• Hydropolis: water
    world created with technology

Hydropolis: water world created with technology

PT-DZ870 and PT-DZ680 bring science to life at Hydropolis in Wrocław, Poland

Opened in December 2015, Hydropolis is the only science centre in Poland dedicated exclusively to water. The exhibition covers over 43,000 square feet and includes 64 interactive installations created solely using advanced multimedia solutions. A total of 57 Panasonic projectors are used in the building to perform functions such as 360° mapping, 3D mapping, and interactive projection.

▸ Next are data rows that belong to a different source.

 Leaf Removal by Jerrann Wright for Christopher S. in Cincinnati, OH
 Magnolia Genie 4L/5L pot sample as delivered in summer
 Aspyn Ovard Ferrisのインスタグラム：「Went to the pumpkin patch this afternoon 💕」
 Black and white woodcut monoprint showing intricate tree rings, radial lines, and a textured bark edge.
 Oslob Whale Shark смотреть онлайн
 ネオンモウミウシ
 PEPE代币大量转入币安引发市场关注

Hydropolis' Ecological Education Centre combines education with modern forms of exhibition. Uniquely located in the historic 1893 building of the Municipal Waterworks and Drainage Company in Wrocław, the facility used to be the heart of the municipal waterworks system before it became a unique Poland attraction. The exhibition uses a narrative structure to guide visitors through eight different zones, where there are multimedia shows, art installations and replicas which explore the meaning of water in human life.

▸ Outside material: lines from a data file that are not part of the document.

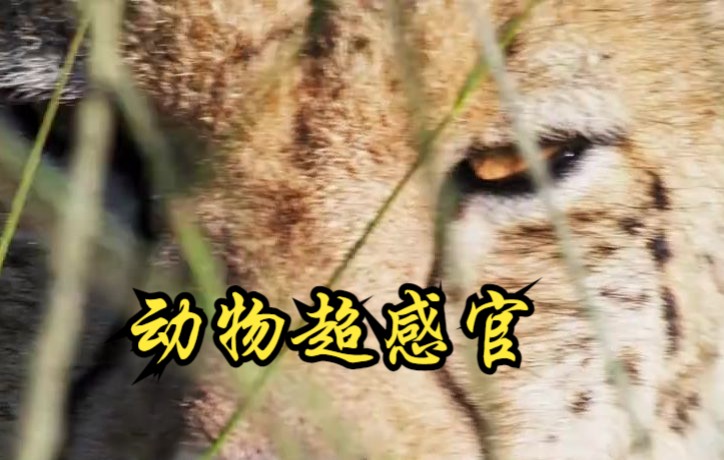 【加拿大】【纪录片】动物超感官 Animal super senses哔哩哔哩bilibili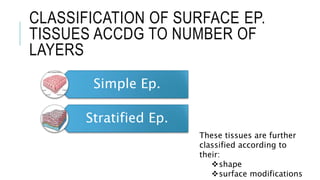 CLASSIFICATION OF SURFACE EP.
TISSUES ACCDG TO NUMBER OF
LAYERS
Simple Ep.
Stratified Ep.
These tissues are further
classified according to
their:
shape
surface modifications
 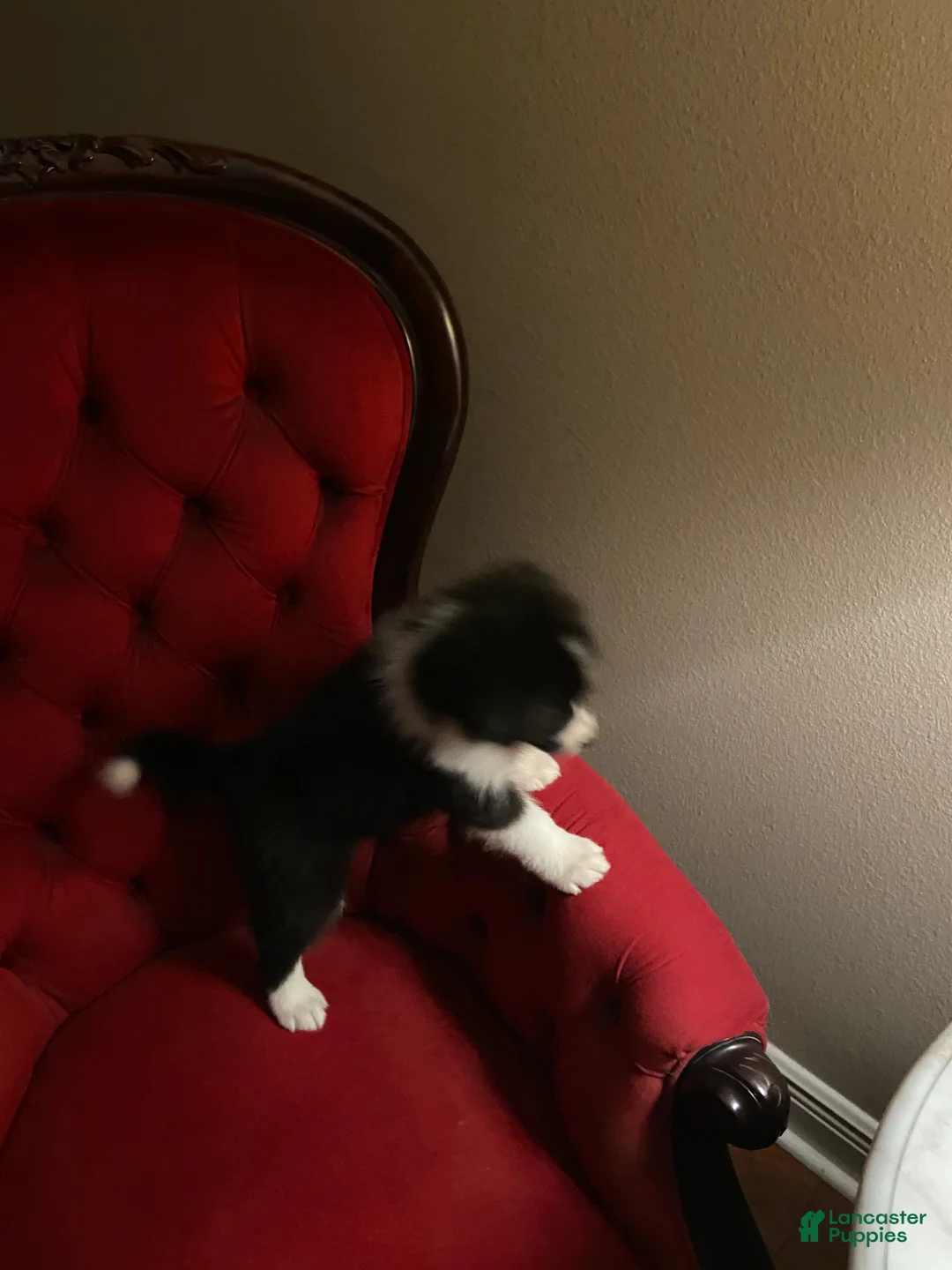 Mixed Breed dogs for sale: Mixed Breed Puppy 1 - Ad 3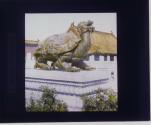 A Bronze Tortoise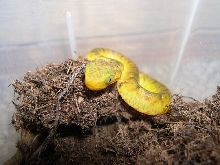 Atheris chlorechis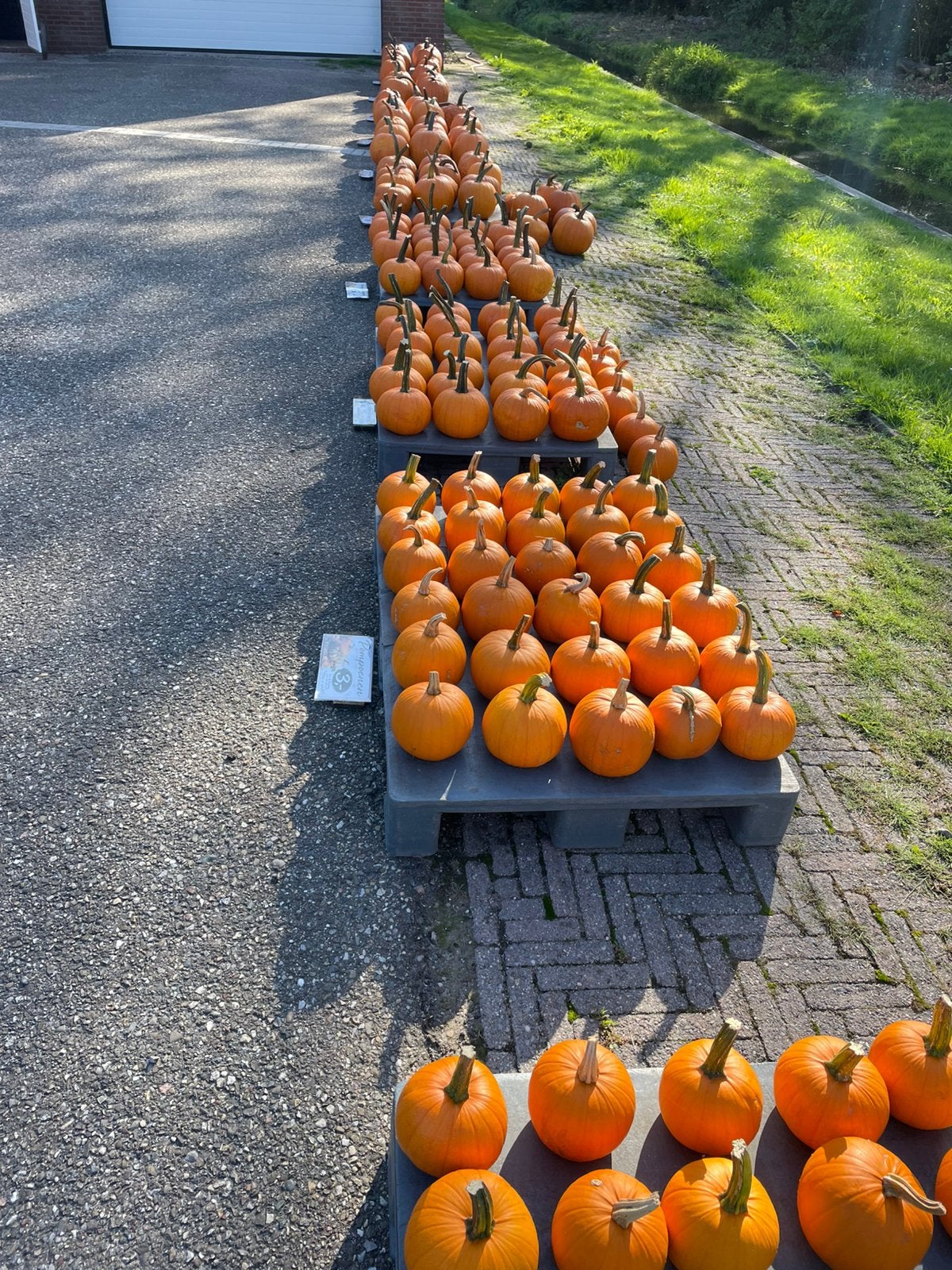 Diverse pompoenen, verschillende prijzen, Minder dan 100 cm, Overige soorten, Ophalen of Verzenden, Herfst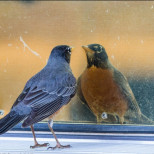 Ако лястовица, гълъб или врабче се ударят в прозореца ви, това е важен знак-Ето какво значи!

Exhibition design and construction faced a considerable number of challenges . The brief was to create an exhibition in a space which had never been specifically designed to serve such a purpose, using audio visual technology only. In doing so the work had to consider not only the historical importance of the building which remains under a listed and preserved status, but also specific humidity and temperature parameters. One of the major criteria for equipment selection was reliability, so that maintenance activities could be minimised as much as possible to avoid disruption. The Centre is open to visitors seven days a week, excluding some holidays, so it was important that the AV equipment would be up to the task of prolonged, intensive operation.

360° mapping

At the heart of the exhibition is the Water Planet-an oval room with a 360 degree screen which displays a video about the Earth and the origins of water. There is also an Earth-like projection sphere which is 6.6 feet in diameter. Initially, because of the size of the room and the interior pillars it was impossible to install the projectors at a suitable distance from the projection surface itself. To solve the problem, Panasonic PT-DZ870 DLP projectors were used because of their ultra-short focal length lens. This is a compact model which provides 8,500 lumens of brightness and a high contrast ratio of 10,000:1. Its reliability is guaranteed by the Dual Lamp System that eliminates the interruption if a lamp should fail, and allows the projector to operate 24 hours a day. Meanwhile a specially designed cooling system and dust-resistant optical block also enables resilient operation, as well as ensuring a high image quality. Additionally, the projector's long-life lamp has a 3,000 hours replacement cycle, enabling the PT-DZ870 DLP projectors to offer a lower cost of ownership and maintenance.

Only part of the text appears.